In the last four years, the company didn’t increase prices for the six-layered aseptic package and instead relied more on improving internal efficiencies in production as well as increase its sales, Ashutosh Manohar, managing director of South Asia markets at Tetra Pak India said.
“There is tremendous cost led pressure on us now and in the coming six months atleast operating margins will remain under pressure. But we are working on improving internal efficiencies to combat higher production costs”, Manohar said.
Although, the firm sources its raw materials from domestic companies, around 60-70 per cent of its raw material used to make the 6-layer tamper-proof packaging is imported.
On the technological innovation front, the company is evaluating the possibility of bringing in digital printing technology in its Indian operations which it believes can be a disruptor in the packaging industry as it will help curtail costs and offer the company more flexibility in designing and printing.
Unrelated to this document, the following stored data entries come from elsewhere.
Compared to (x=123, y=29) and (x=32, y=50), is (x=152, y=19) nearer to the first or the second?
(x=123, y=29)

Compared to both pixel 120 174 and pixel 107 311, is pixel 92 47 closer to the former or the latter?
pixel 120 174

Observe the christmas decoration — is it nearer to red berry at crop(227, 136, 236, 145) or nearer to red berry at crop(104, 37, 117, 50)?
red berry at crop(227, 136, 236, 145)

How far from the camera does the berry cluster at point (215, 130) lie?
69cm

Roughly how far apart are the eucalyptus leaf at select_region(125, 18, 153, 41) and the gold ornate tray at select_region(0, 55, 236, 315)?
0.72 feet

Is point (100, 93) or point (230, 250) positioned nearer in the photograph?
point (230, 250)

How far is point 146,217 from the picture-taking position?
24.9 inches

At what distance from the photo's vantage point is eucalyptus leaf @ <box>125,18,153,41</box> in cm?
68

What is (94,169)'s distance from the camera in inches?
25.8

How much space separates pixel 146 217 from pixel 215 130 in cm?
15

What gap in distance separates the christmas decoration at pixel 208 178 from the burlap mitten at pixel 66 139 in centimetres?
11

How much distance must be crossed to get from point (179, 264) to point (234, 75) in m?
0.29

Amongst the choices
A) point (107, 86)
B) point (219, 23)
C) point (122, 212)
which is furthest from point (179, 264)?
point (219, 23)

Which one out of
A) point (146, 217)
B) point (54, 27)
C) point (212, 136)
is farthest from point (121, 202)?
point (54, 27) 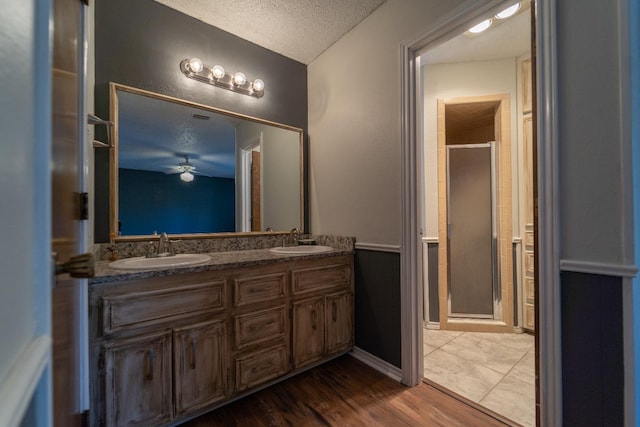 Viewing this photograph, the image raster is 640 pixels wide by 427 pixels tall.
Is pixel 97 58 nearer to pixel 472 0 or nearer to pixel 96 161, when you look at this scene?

In case it fructifies finally, it can potentially be the second major investment by the company in India – the last being its Rs. 7 billion plant near Pune which has an installed capacity to roll out 12 billion packs.
It is currently testing Dynamic QR Code technology with two of its FMCG consumers in India where the package or product lifecycle can be traced right to the farm origin.
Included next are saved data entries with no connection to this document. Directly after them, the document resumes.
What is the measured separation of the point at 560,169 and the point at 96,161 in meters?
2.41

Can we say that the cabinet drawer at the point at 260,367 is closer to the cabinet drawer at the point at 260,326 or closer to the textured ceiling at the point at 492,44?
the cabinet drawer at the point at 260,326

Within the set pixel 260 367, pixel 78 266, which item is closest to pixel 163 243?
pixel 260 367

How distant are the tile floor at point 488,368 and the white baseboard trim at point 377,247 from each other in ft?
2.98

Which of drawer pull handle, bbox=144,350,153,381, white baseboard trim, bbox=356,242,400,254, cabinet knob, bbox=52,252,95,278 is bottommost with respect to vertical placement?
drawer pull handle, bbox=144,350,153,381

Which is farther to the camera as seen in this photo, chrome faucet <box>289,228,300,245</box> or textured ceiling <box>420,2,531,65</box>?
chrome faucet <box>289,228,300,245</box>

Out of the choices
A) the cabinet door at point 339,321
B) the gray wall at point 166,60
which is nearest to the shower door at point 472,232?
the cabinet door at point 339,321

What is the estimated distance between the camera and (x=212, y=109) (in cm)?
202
Having presence in more than 160 countries, India, one of the top ten markets for Tetra Pak, contributes around 5-6 per cent of its global sales volume. Every year, it packs 650 million litres of juices and an equal volume of milk spanning across 22 product categories.
Every year, the company has been increasing its sales volume by one billion packs witnessing around 10 per cent growth rate. The total sales from India, which is used primarily by the domestic FMCG companies as well as exported to Indonesia, Vietnam and other countries, stood at 10 billion packs. More than 60 per cent of this sales volume accounts for 200 ml packs.
Around 10 per cent of the production from this factory is shipped to Indonesia, Vietnam and others.
On the other hand, Manohar said that cheaper Chinese imports of aseptic packages are also hurting the company’s operations in India.
“On one hand we are paying taxes while, to the best of my knowledge, imports from China are getting an import duty reduction. We need to figure out how we are losing competitiveness because of this”, he said.
A six per cent GST is levied on the aseptic packaging paper and sources claimed that Chinese aseptic imports enjoy a three per cent dut,y waiver.
“We will approach the government to seek remedy on this. Currently we are studying our pricing vis-à-vis Chinese imports taking into consideration the taxation aspect”, Manohar added.
South Asia, East Asia and Oceania accounts for 18 per cent of the company’s annual turnover. As on January 1, 2018, its sales stood at Euro 11.5 billion.